> What is required: Given these entries, repeat exactly the lines starting with the one that has "OU MIOMECTOMIA;" and going on through the one that has "Doodle icon set", both included, but none of the pictures.

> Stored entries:
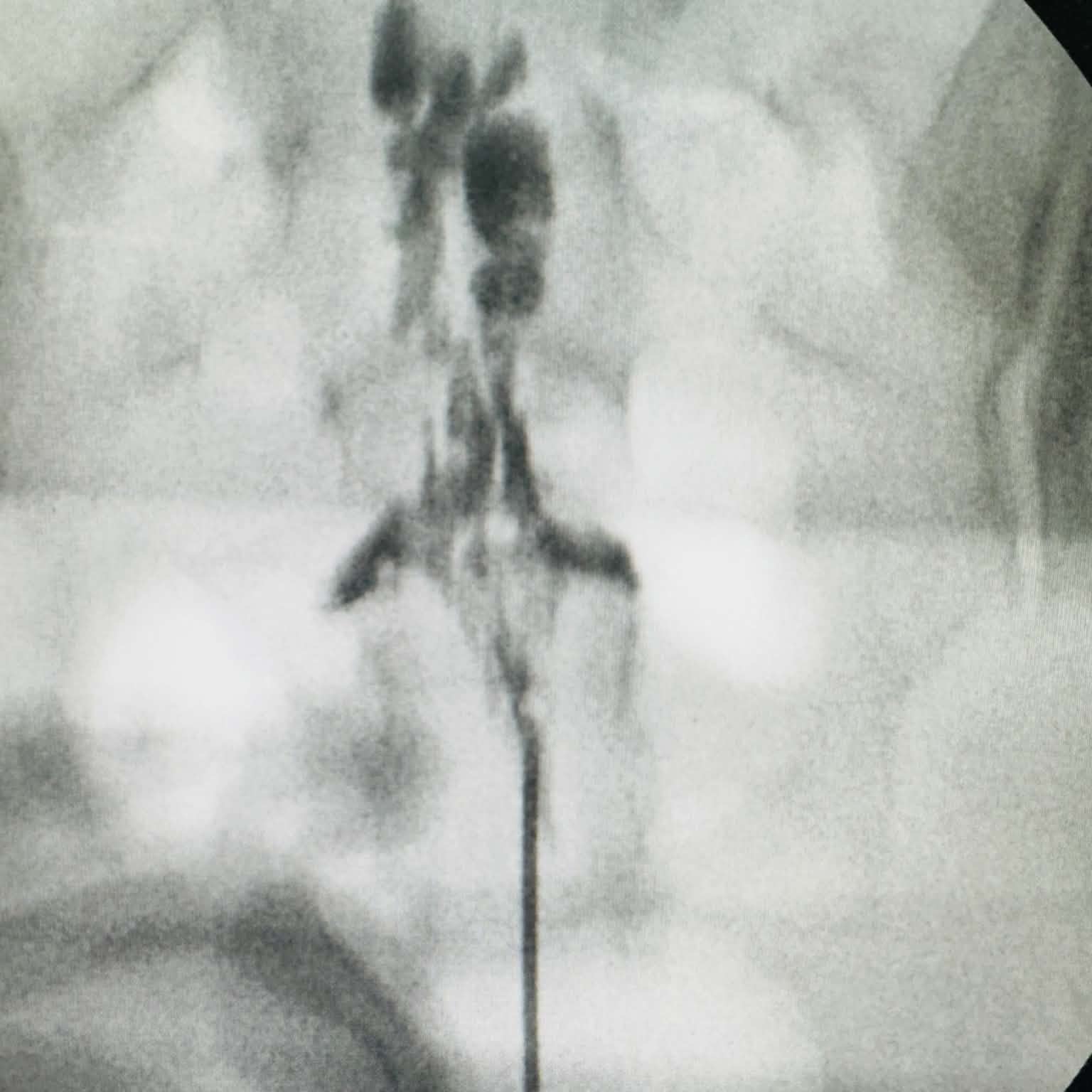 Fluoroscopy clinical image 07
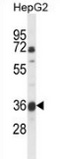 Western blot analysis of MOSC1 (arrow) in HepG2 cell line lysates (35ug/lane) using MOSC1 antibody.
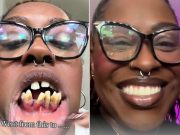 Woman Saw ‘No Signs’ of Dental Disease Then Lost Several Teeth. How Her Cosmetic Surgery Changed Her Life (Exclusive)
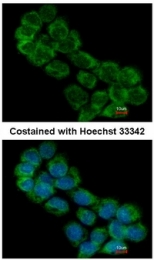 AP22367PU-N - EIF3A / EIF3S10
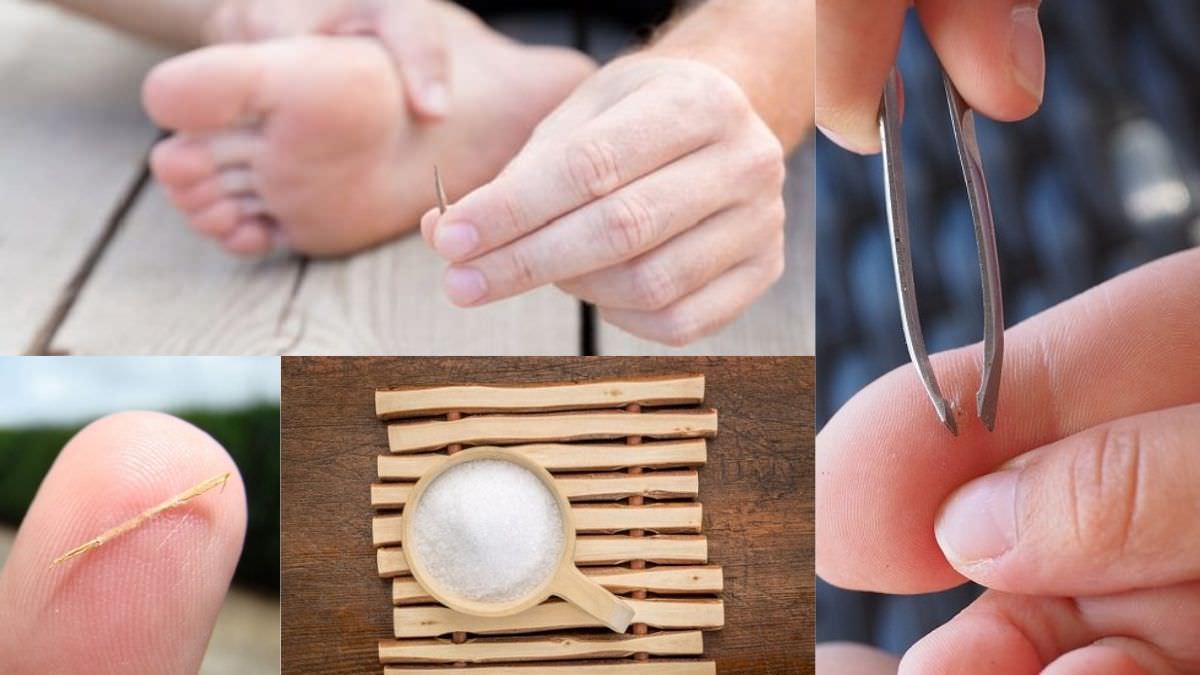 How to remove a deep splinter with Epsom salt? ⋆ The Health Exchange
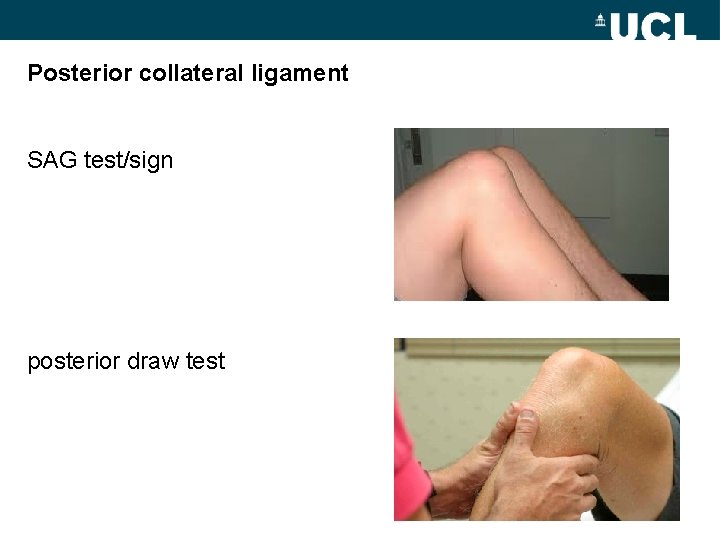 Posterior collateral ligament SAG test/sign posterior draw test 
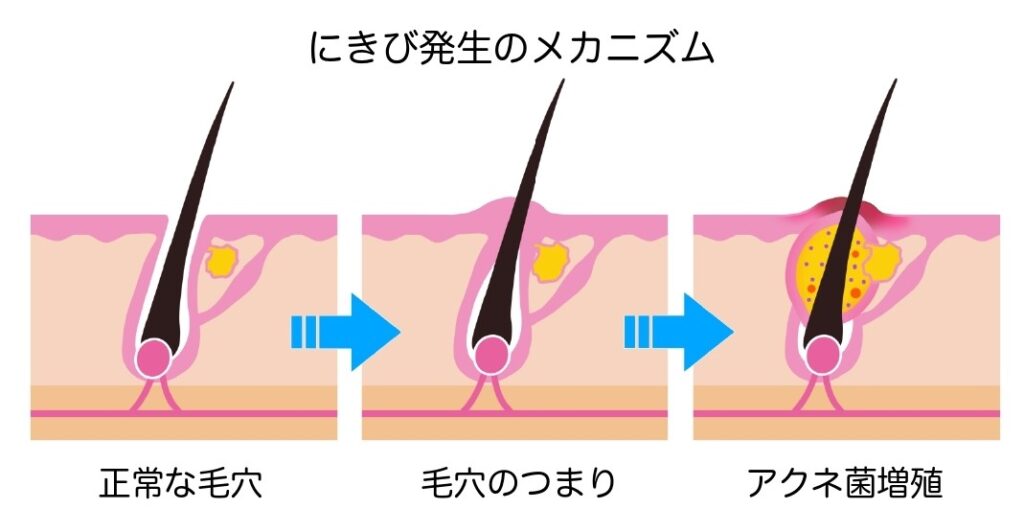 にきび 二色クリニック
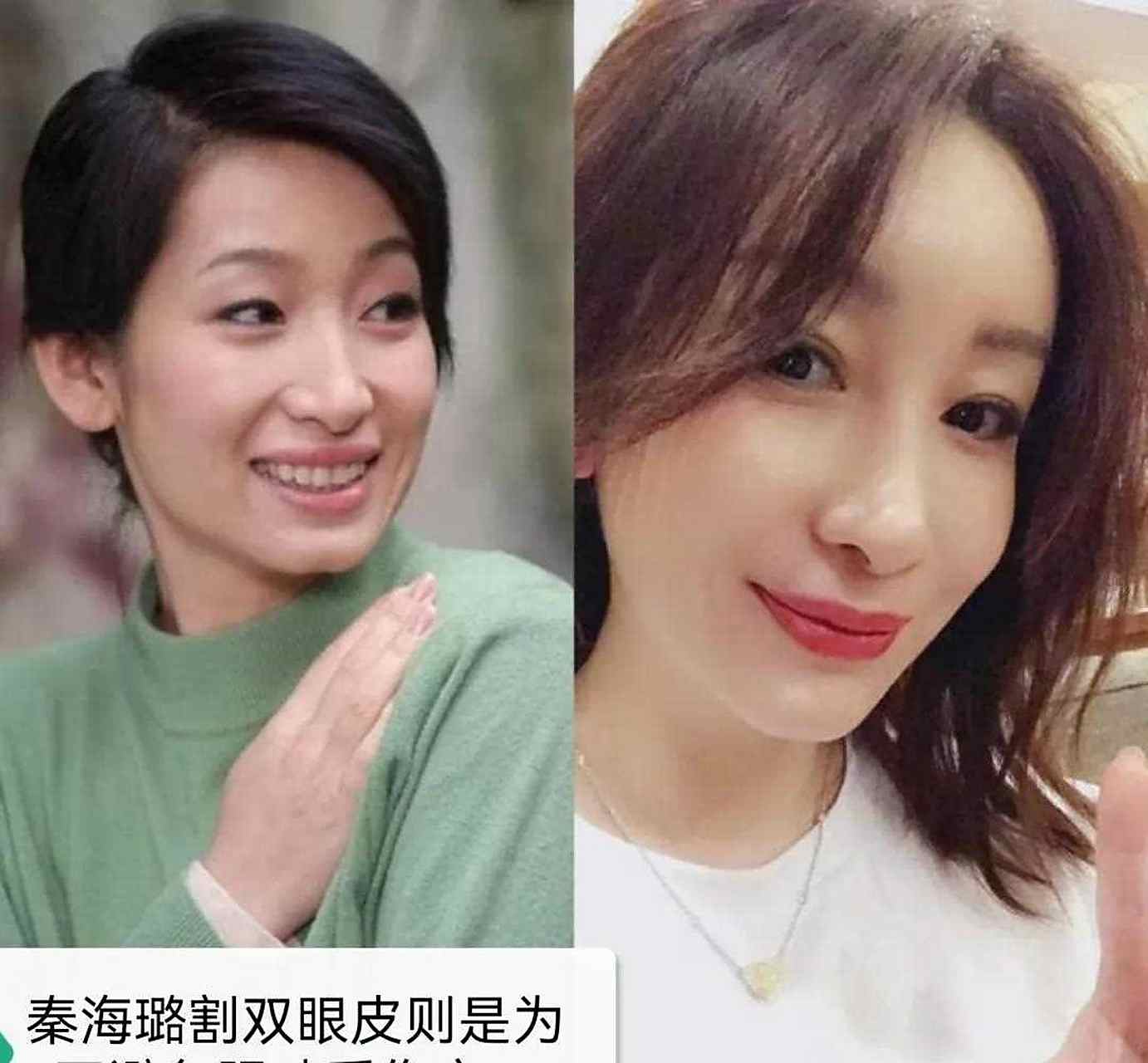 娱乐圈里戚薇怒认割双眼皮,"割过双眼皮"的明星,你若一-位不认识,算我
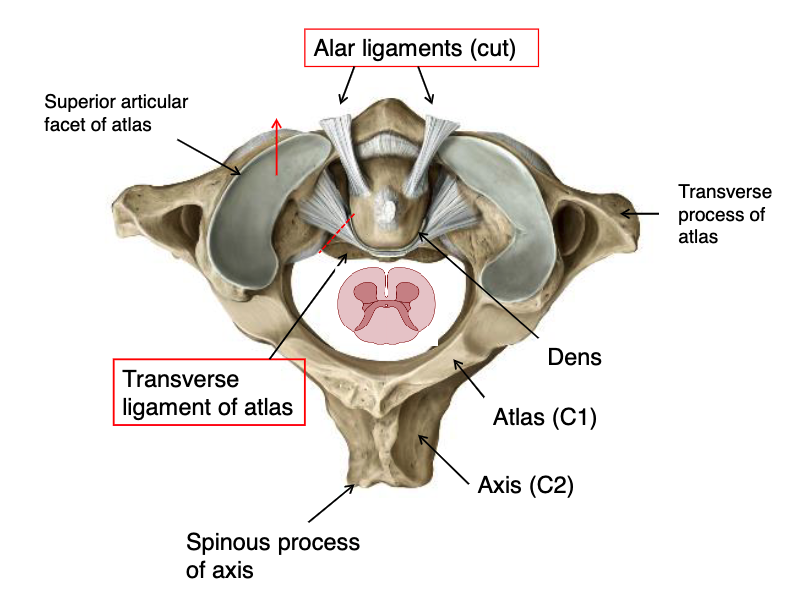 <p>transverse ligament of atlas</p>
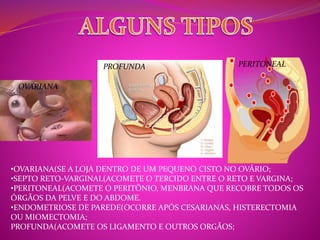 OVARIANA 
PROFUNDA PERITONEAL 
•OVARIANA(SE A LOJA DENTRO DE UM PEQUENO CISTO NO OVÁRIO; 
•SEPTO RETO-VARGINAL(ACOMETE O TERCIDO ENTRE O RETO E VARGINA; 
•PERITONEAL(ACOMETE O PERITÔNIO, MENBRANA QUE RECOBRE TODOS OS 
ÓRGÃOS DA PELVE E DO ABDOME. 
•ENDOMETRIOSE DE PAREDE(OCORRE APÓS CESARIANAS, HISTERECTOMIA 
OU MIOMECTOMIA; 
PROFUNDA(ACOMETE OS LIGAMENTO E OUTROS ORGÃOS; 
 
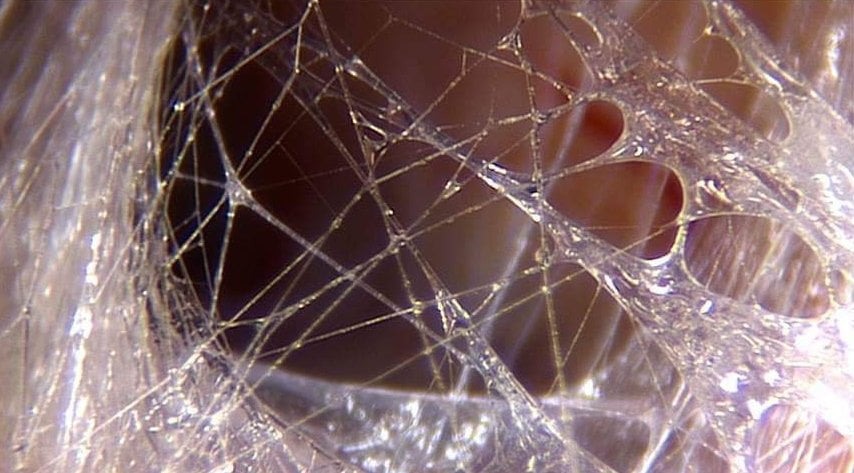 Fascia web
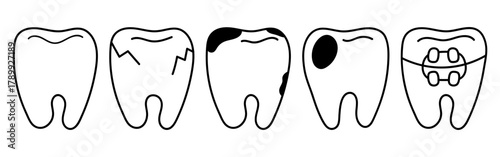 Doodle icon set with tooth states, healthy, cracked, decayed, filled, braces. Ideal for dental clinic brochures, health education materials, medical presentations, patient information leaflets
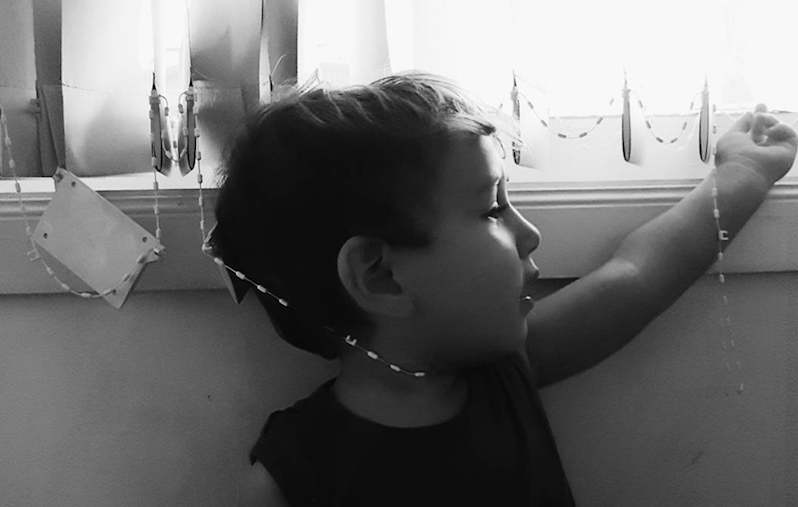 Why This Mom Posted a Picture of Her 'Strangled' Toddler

> Task output:
OU MIOMECTOMIA; 
PROFUNDA(ACOMETE OS LIGAMENTO E OUTROS ORGÃOS; 
 
 Fascia web
 Doodle icon set with tooth states, healthy, cracked, decayed, filled, braces. Ideal for dental clinic brochures, health education materials, medical presentations, patient information leaflets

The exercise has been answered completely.